On the rate of convergence to the asymptotic cone for nilpotent groups and subFinsler geometry

TL;DR

This paper investigates the rate at which finitely generated nilpotent groups with word metrics converge to their asymptotic cones, establishing a lower bound on the convergence rate and deriving volume error estimates.

Contribution

It provides a quantitative rate of convergence in Gromov-Hausdorff metric for nilpotent groups, addressing Gromov's question and highlighting the impact of abnormal geodesics.

Findings

Convergence rate cannot be better than n^{1/2} for non-abelian nilpotent groups.

Derived an error term for volume of Cayley balls: O(n^{d-2/(3r)}).

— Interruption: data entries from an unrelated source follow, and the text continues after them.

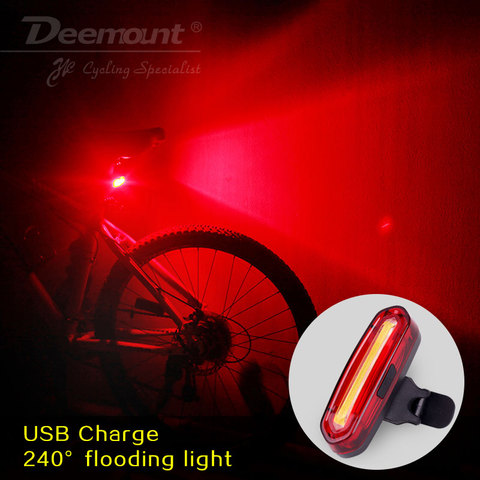 Deemount 100 LM Rechargeable COB LED USB Mountain Bike Tail Light Taillight MTB Safety Warning Bicycle Rear Light Bicycle Lamp ► Photo 1/6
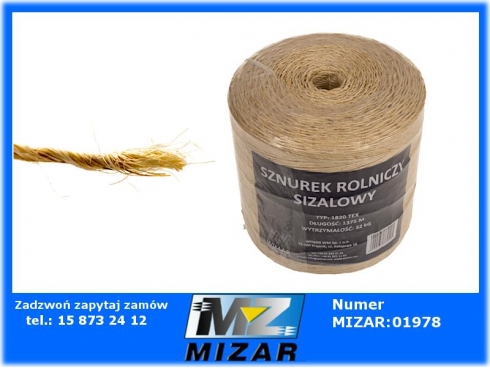 Sznurek sizalowy rolniczy 1820TEX 2,5kg EKO-53092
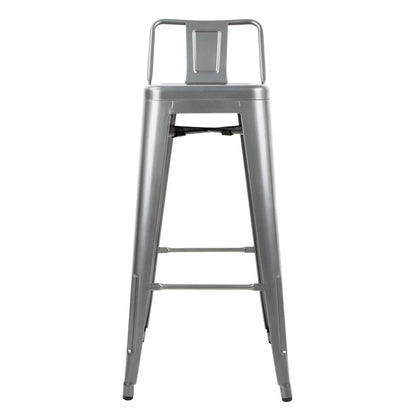 Bolero High Metal Bar Stools with Back Rests Gun Metal Grey (4 Pack) (Pack of 4) • PAS-DM935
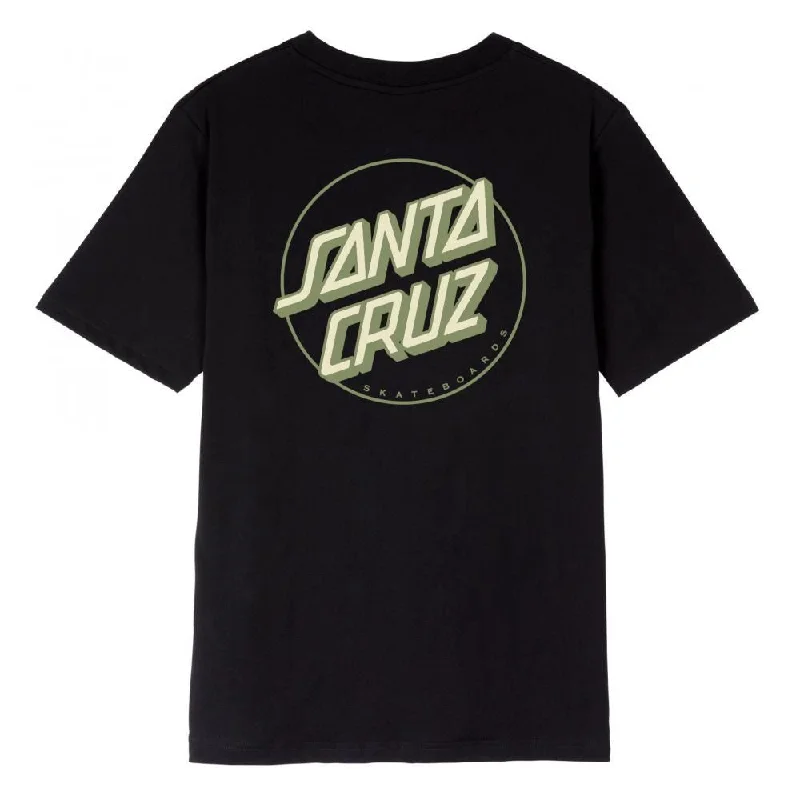 Santa Cruz Womens T-Shirt Partial Dot - Black-- Sequined Glittery Shiny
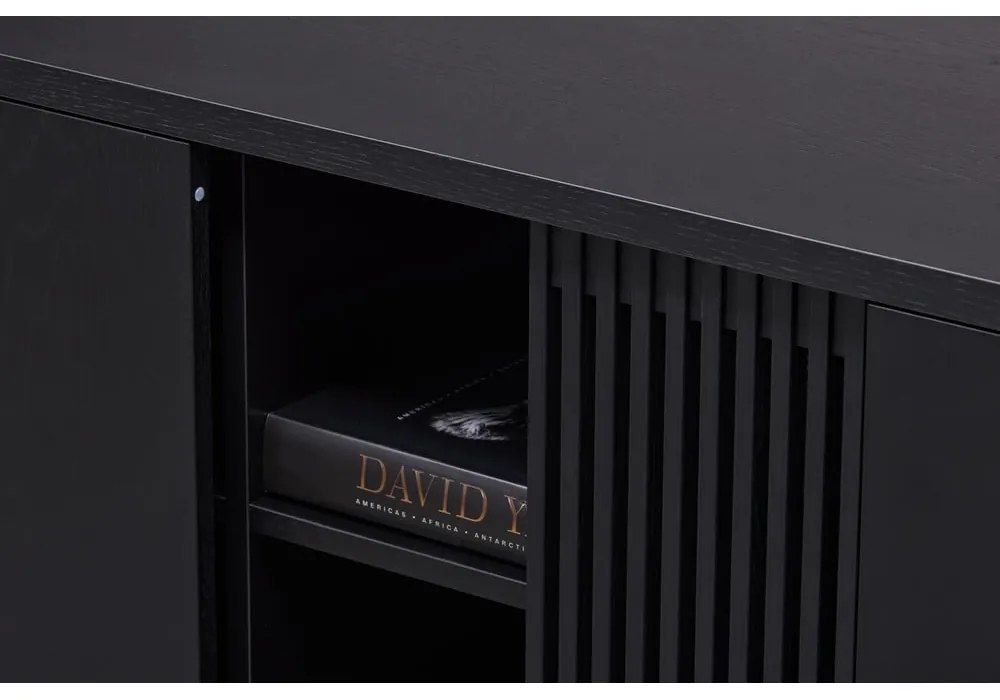 Čierna nízka komoda v dekore duba 188x75 cm Ende - Woodman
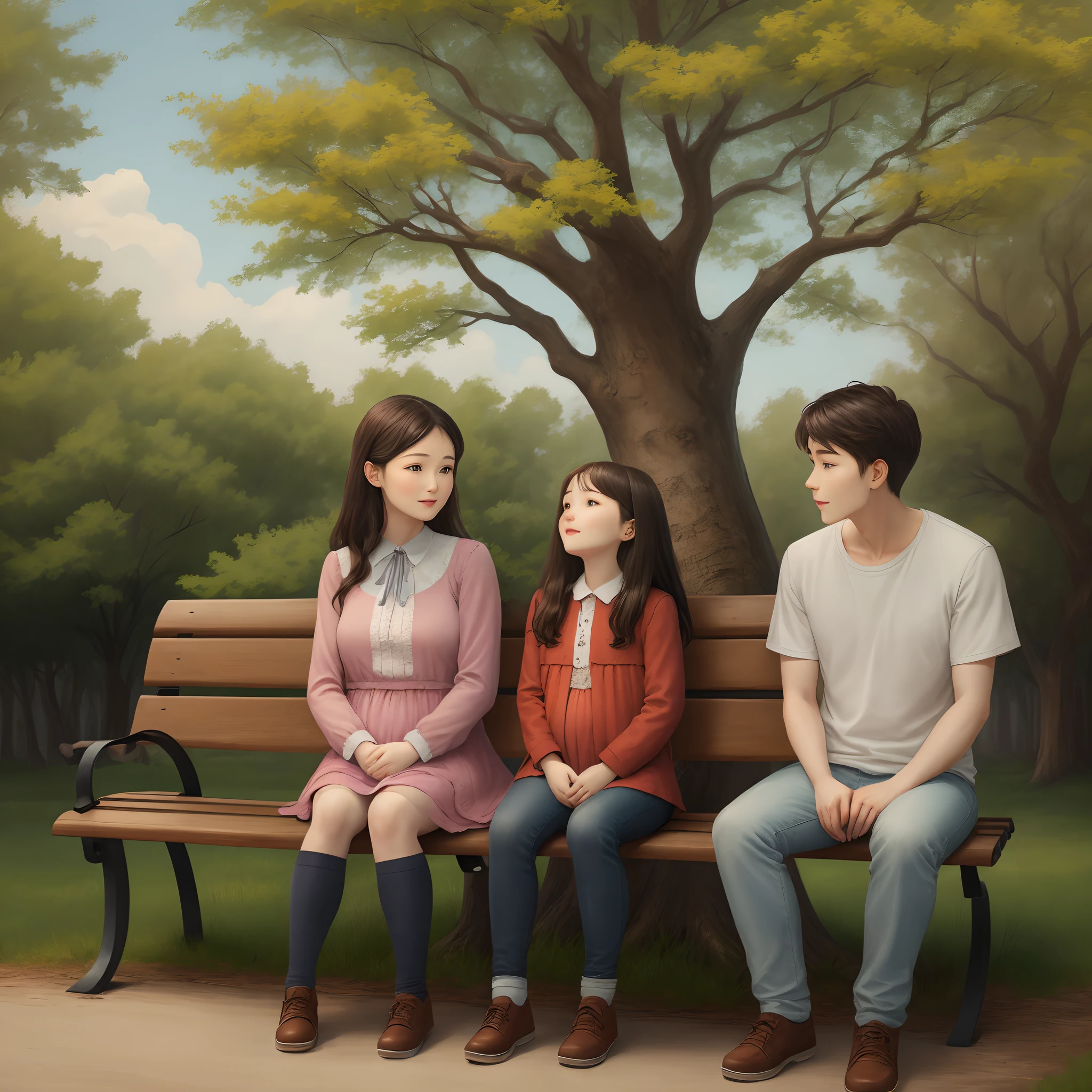 Draw a mother and child sitting on a bench under a tree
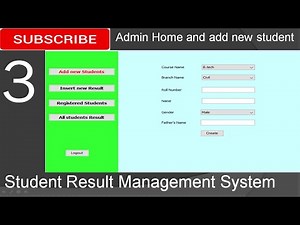 3. Student Result Management System in java - Admin Home and Add new student(JFrame, Mysql,Netbeans)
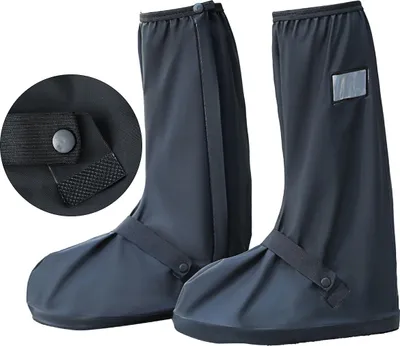 Produktbild von Wasserdichte Schuhüberzieher bis zur Wade – Uni Regen Überschuhe mit Anti-Rutsch-Sohle, Reflektierend, für Outdoor & Fahrrad - XL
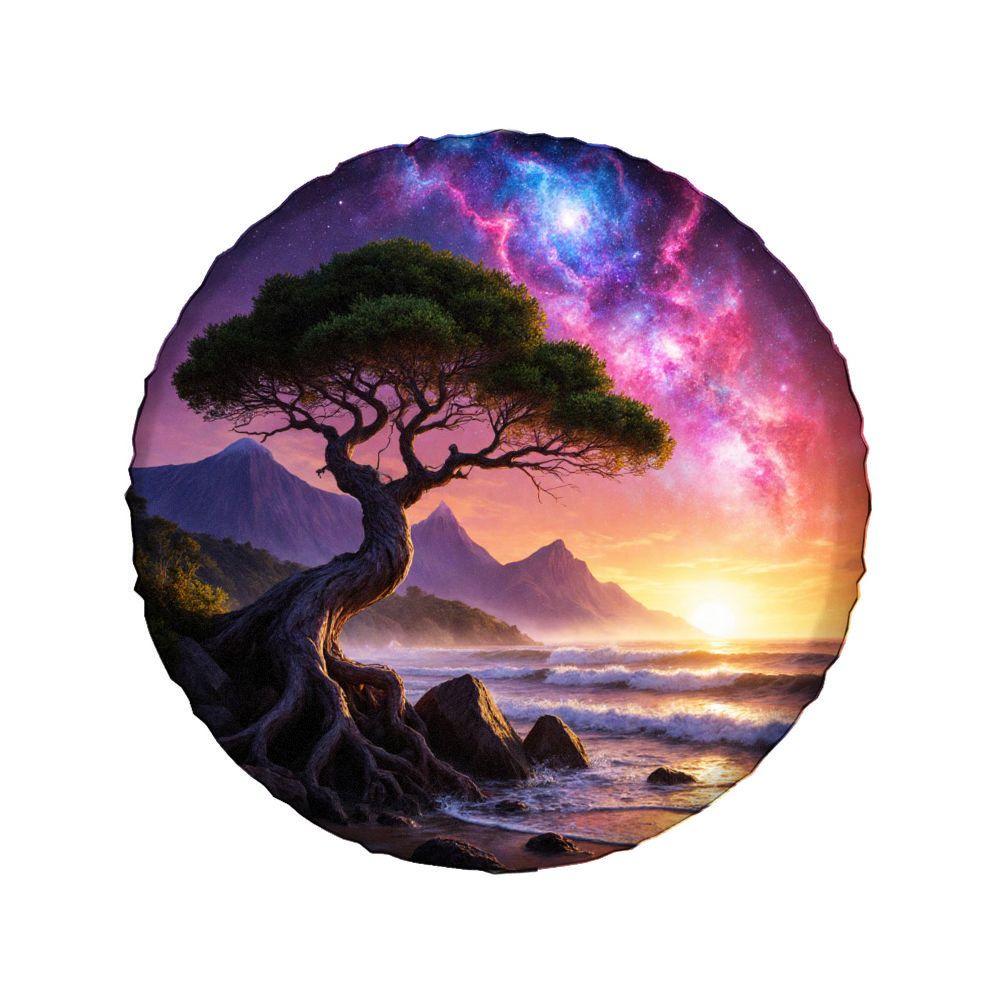 Coastal Ancient Wood Starry Sky Fantasy Pattern Tire Cover, Polyester Material, Nature And Cosmos Fusion Decorative Cover, Outdo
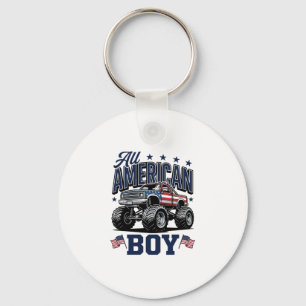 American Boy Monster Truck Vintage Patriotic Shirt Key Ring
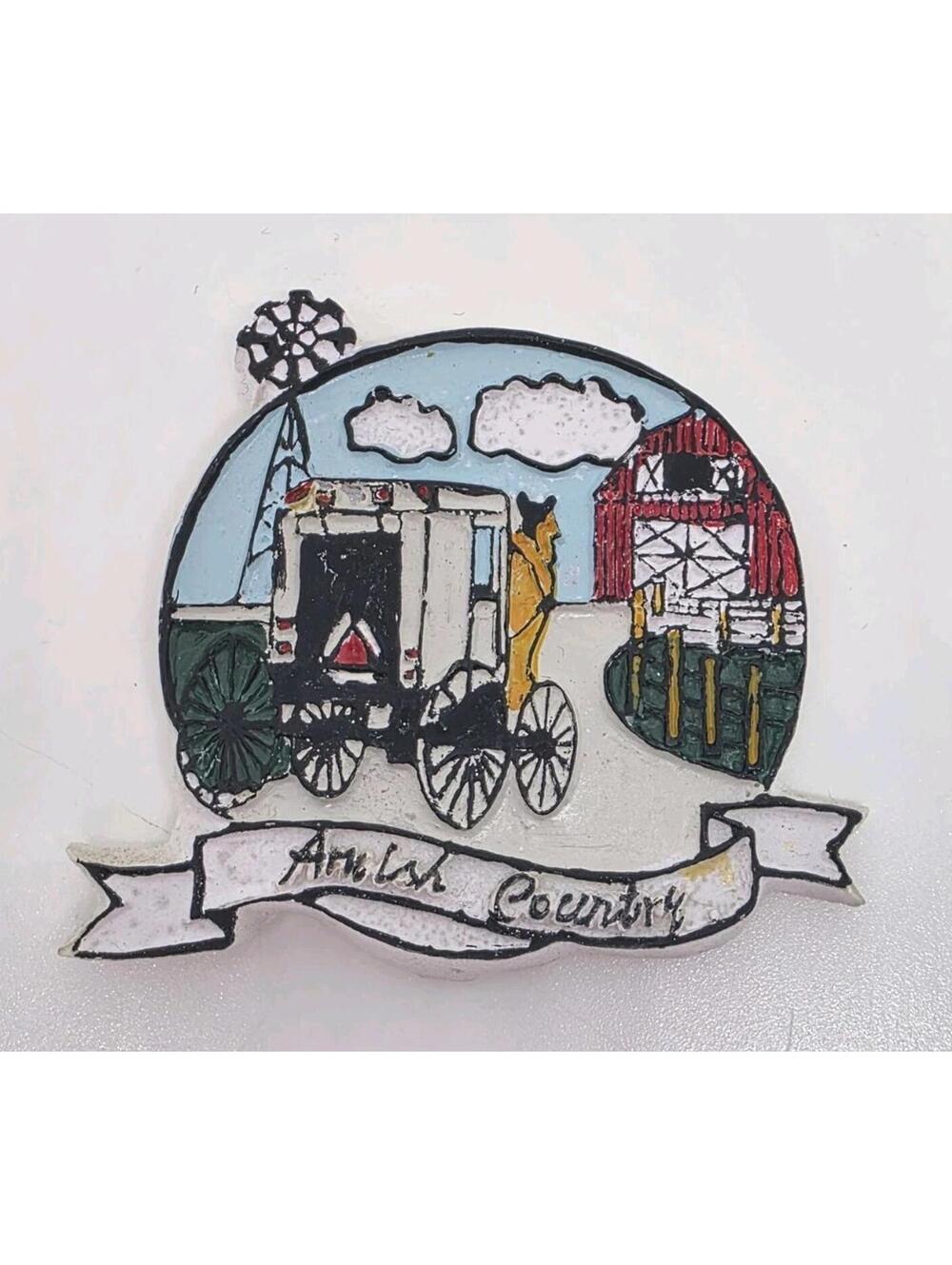 Vintage Collectible Amish Country Refrigerator Fridge Magnet Horse Buggy Farm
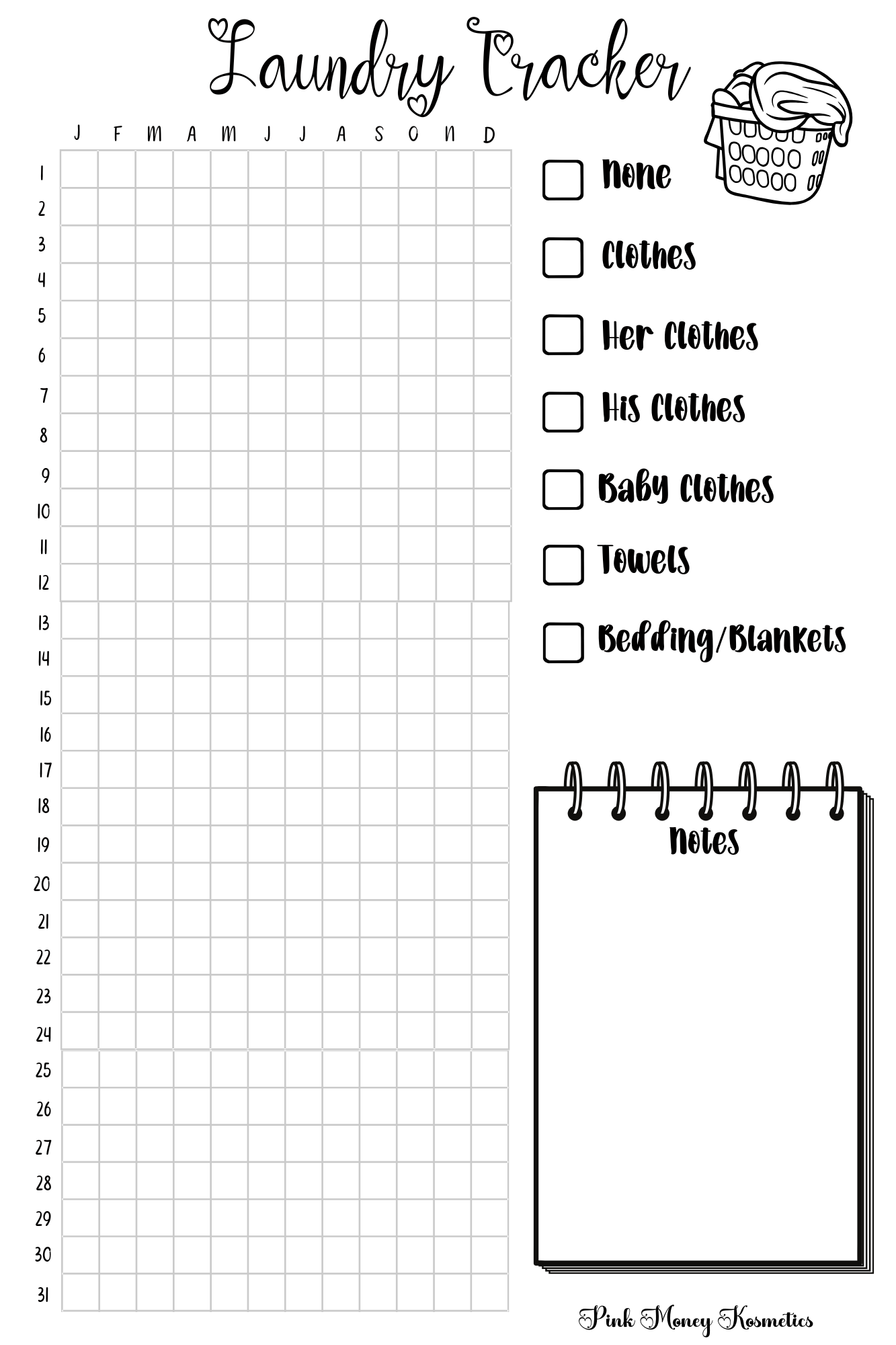Laundry Tracker (Digital File)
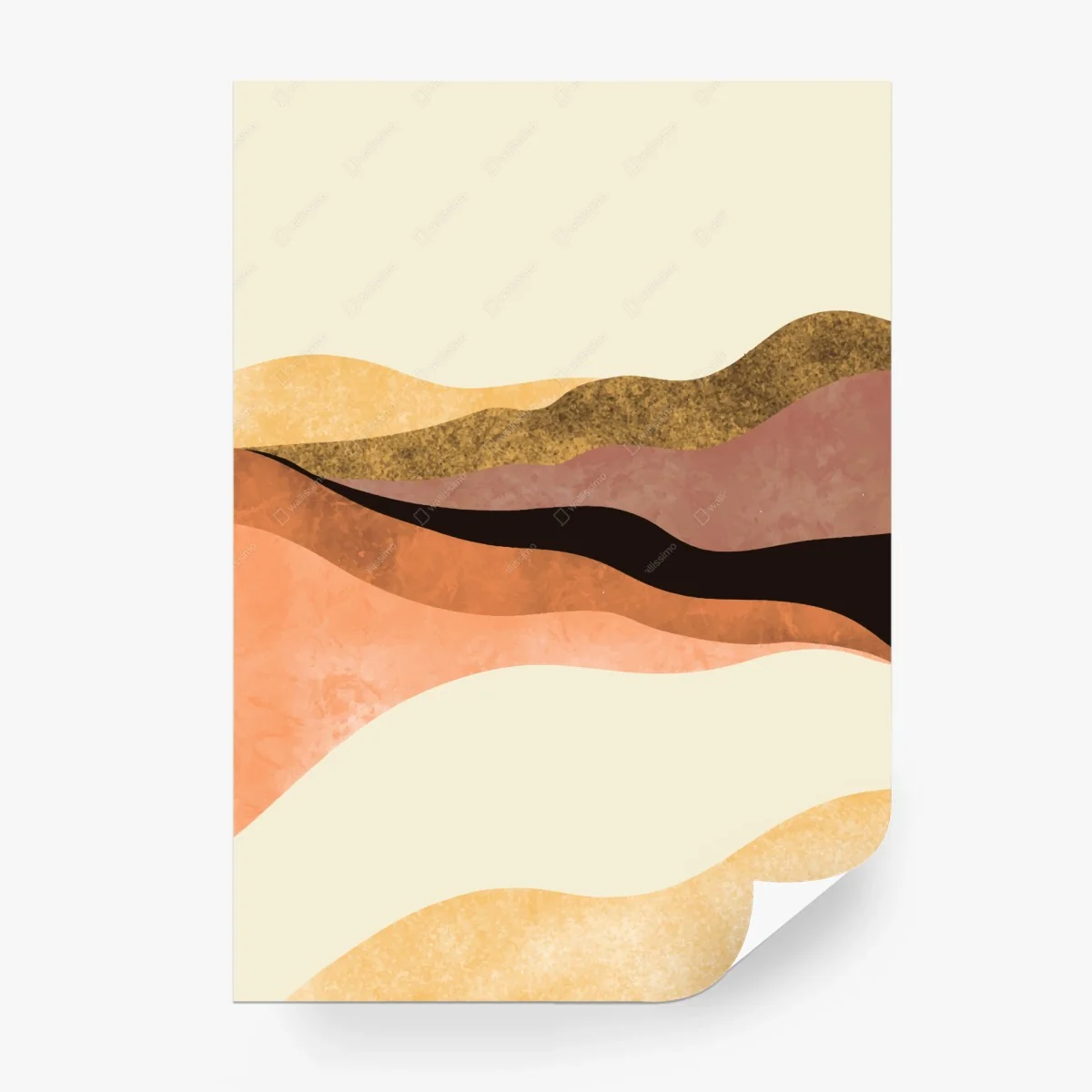 Wall mural earthy layered waves abstract print • Wallissimo® Wall mural earthy layered waves abstract print • Wallissimo®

Established a lower bound on convergence rate related to abnormal geodesics.

Abstract

Addressing a question of Gromov, we give a rate in Pansu's theorem about the convergence in Gromov-Hausdorff metric of a finitely generated nilpotent group equipped with a left-invariant word metric scaled by a factor 1/n towards its asymptotic cone. We show that due to the possible presence of abnormal geodesics in the asymptotic cone, this rate cannot be better than n^{1/2} for general non-abelian nilpotent groups. As a corollary we also get an error term of the form vol(B(n))=cn^d + O(n^{d-2/(3r)}) for the volume of Cayley balls of a nilpotent group with nilpotency class r. We also state a number of related conjectural statements.